DATA RECORDS:
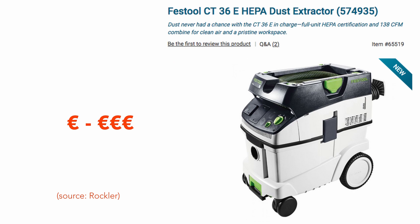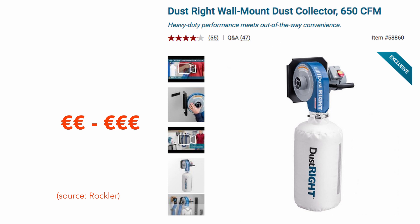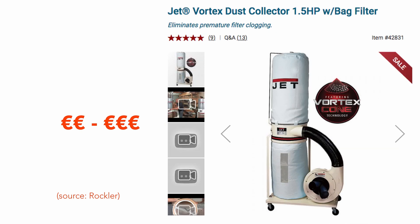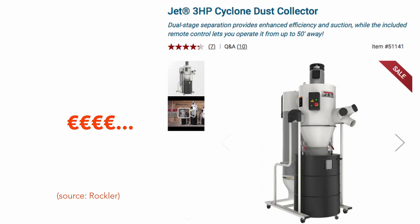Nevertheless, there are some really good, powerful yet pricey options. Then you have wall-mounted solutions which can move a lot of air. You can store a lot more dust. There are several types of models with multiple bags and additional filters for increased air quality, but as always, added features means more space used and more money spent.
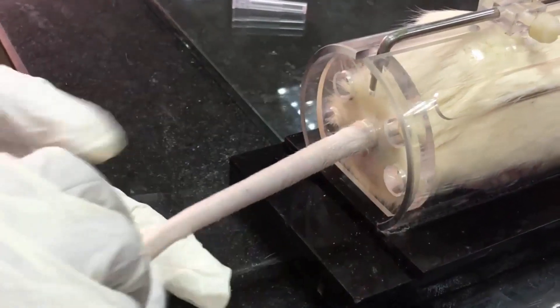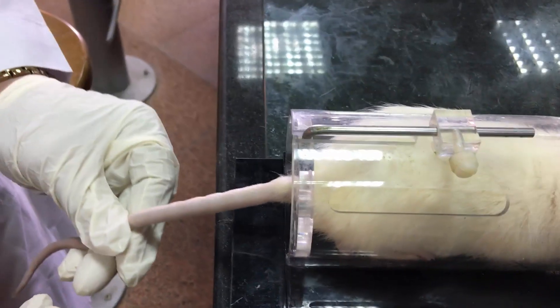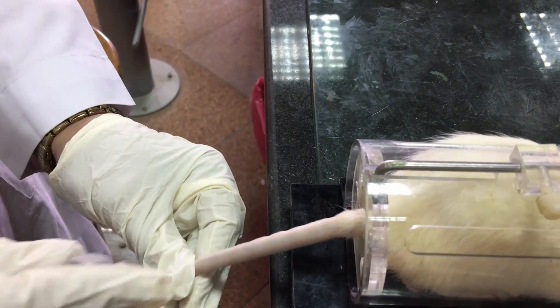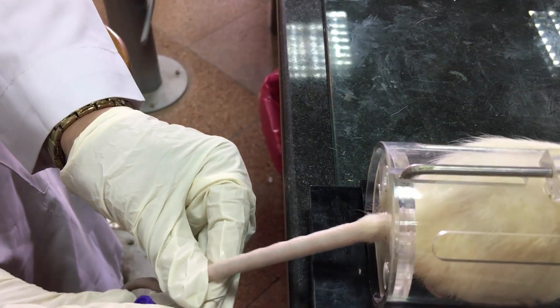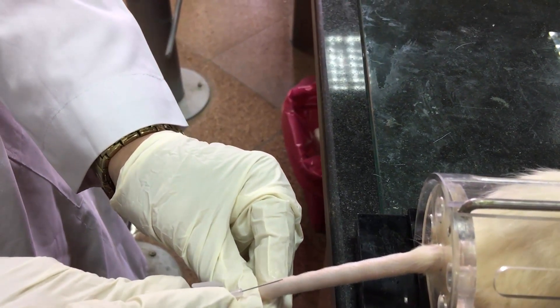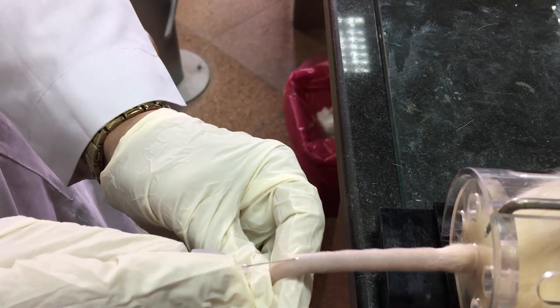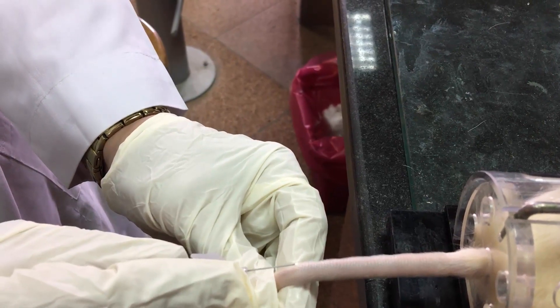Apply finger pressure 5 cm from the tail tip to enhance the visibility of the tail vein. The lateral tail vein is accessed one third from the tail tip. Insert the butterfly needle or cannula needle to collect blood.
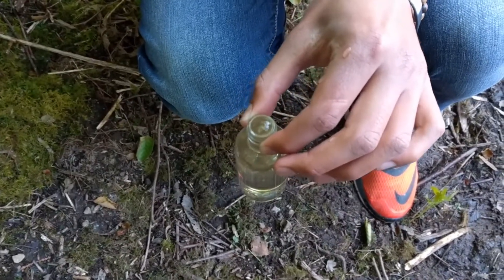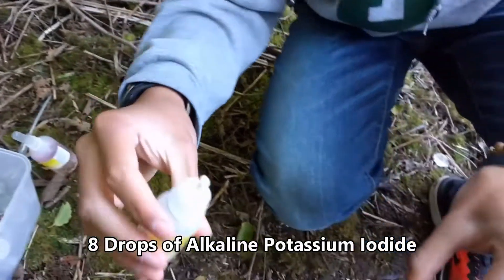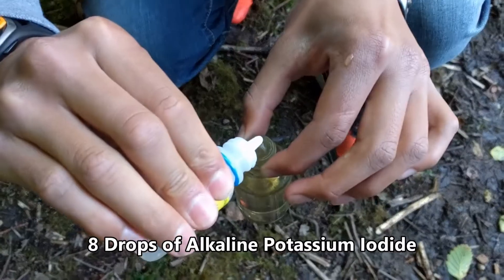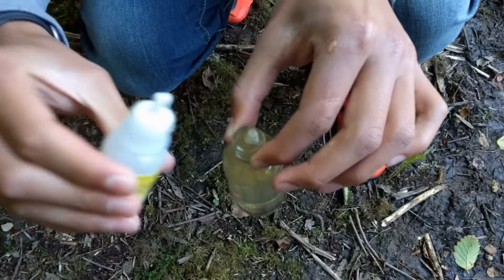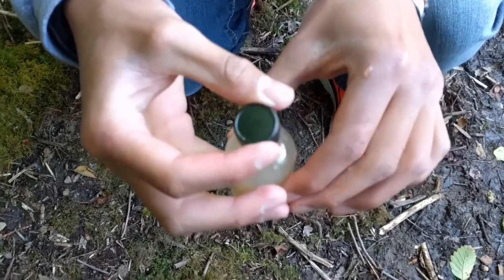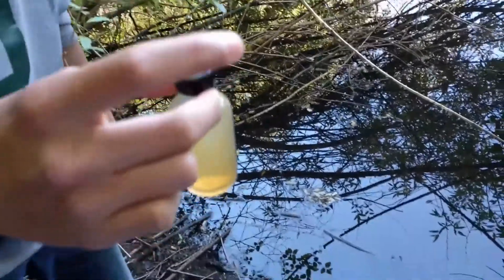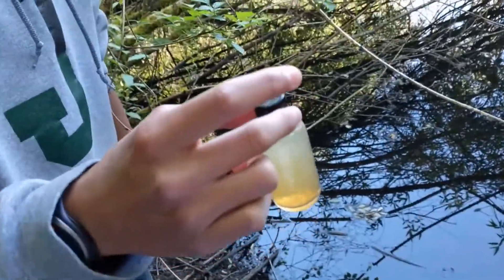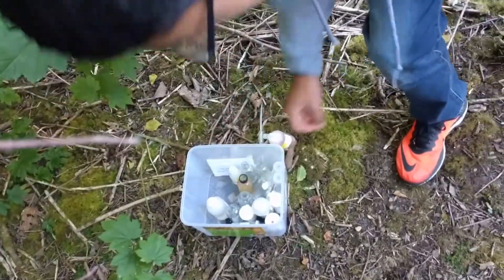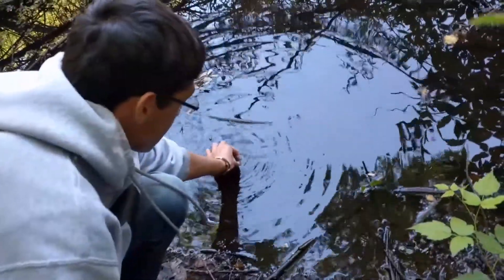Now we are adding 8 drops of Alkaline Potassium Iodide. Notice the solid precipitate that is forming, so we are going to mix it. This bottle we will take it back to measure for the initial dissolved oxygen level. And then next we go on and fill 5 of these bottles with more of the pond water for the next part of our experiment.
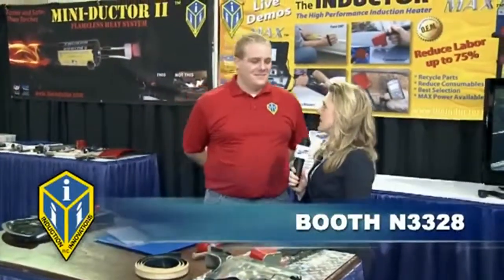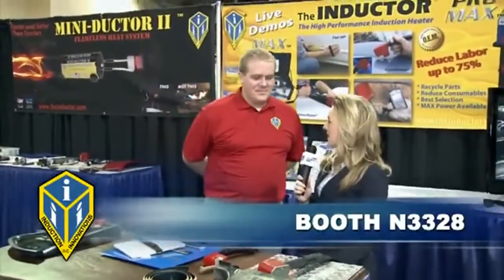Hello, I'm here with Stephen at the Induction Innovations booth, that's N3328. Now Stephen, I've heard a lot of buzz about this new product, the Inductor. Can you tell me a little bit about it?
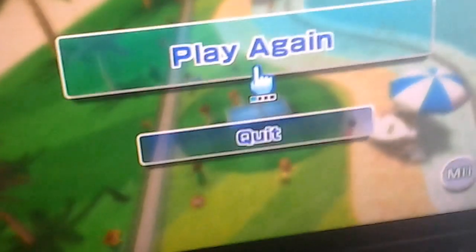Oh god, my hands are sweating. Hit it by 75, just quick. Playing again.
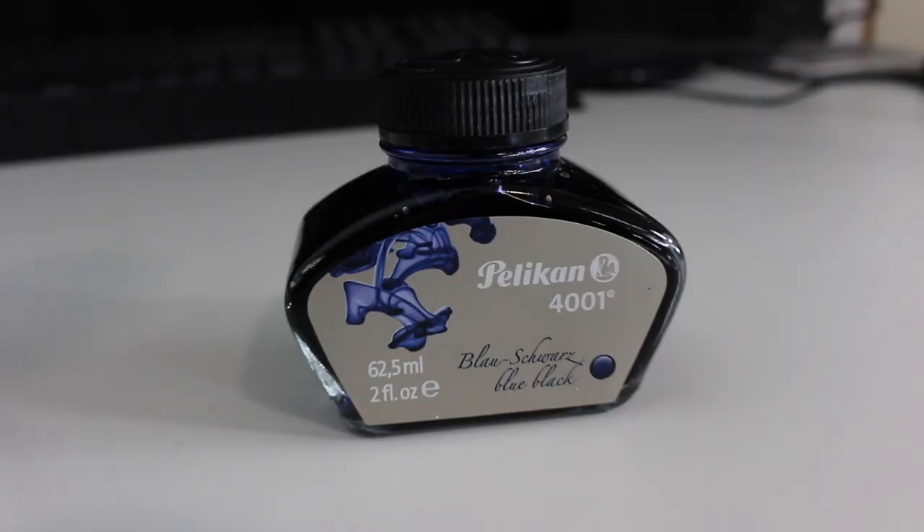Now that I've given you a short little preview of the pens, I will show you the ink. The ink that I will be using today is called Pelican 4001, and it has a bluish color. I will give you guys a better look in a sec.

* * *

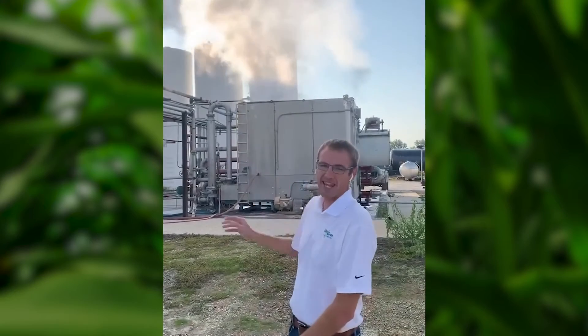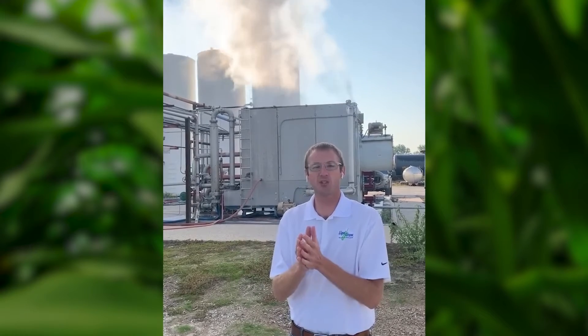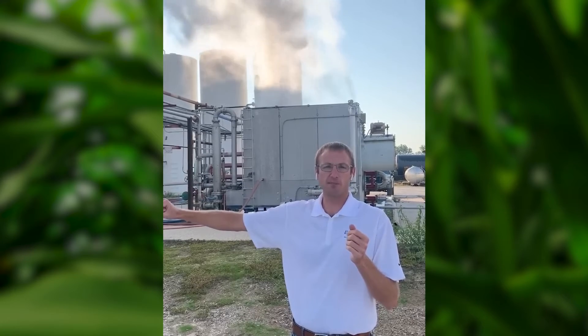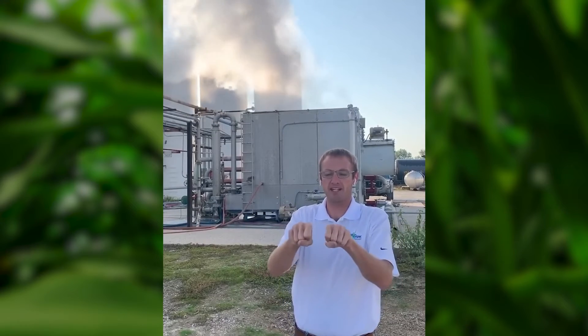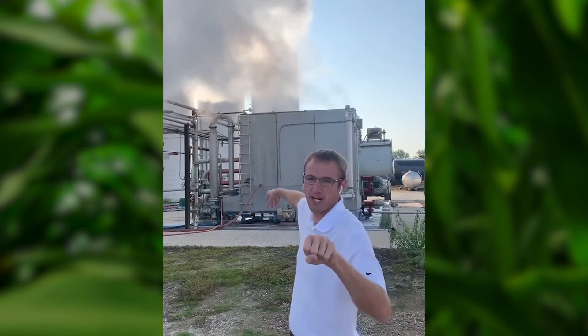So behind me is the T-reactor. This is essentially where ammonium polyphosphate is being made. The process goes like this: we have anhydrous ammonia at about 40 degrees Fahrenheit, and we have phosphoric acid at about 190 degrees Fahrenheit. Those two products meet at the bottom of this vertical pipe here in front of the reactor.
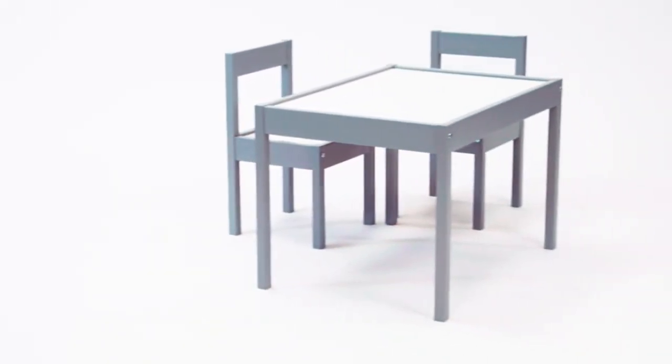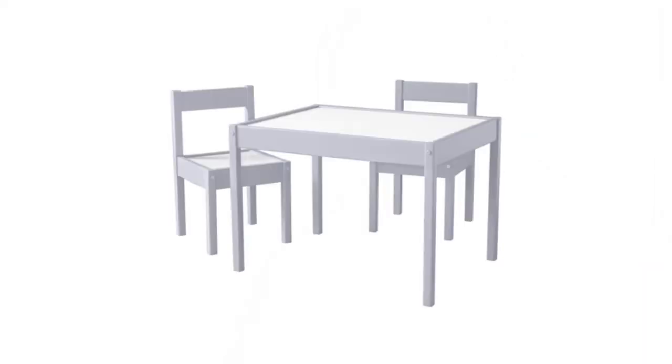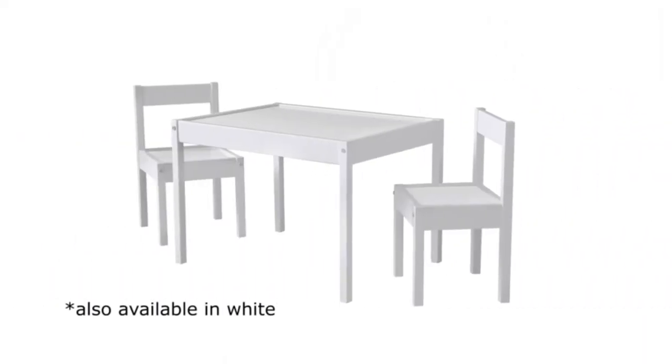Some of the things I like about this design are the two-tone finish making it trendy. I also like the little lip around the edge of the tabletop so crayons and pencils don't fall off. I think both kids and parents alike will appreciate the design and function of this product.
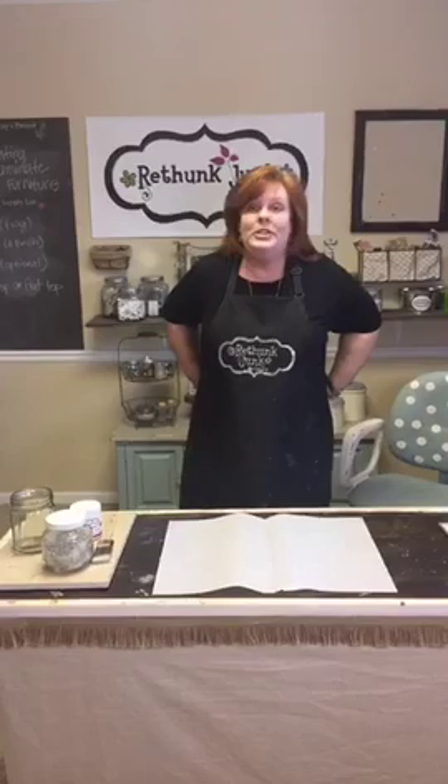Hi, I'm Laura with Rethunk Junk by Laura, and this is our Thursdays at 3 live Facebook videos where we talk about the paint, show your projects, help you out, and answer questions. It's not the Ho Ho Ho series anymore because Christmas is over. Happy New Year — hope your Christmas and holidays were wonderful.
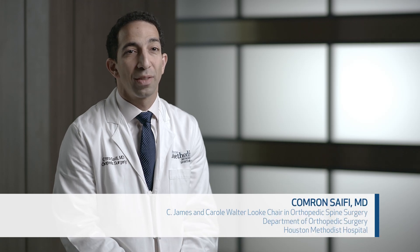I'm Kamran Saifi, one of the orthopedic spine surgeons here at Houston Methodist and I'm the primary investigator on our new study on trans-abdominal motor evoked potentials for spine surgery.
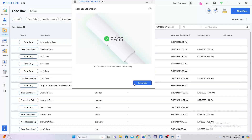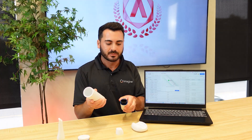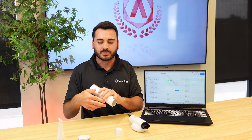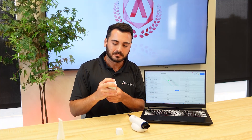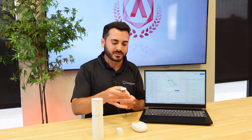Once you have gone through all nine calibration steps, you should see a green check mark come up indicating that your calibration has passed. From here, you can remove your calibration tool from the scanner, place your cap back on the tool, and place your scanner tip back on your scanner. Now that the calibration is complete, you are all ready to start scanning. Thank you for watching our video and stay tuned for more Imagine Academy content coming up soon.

WORK TO COMPLETE: In the data above, start at the line holding "Hi, I'm Laura" and stop after the line holding "Once you have"; write out those lines exactly, without pictures.

EXERCISE OUTPUT:
Hi, I'm Laura with Rethunk Junk by Laura, and this is our Thursdays at 3 live Facebook videos where we talk about the paint, show your projects, help you out, and answer questions. It's not the Ho Ho Ho series anymore because Christmas is over. Happy New Year — hope your Christmas and holidays were wonderful.
I'm Kamran Saifi, one of the orthopedic spine surgeons here at Houston Methodist and I'm the primary investigator on our new study on trans-abdominal motor evoked potentials for spine surgery.
Once you have gone through all nine calibration steps, you should see a green check mark come up indicating that your calibration has passed. From here, you can remove your calibration tool from the scanner, place your cap back on the tool, and place your scanner tip back on your scanner. Now that the calibration is complete, you are all ready to start scanning. Thank you for watching our video and stay tuned for more Imagine Academy content coming up soon.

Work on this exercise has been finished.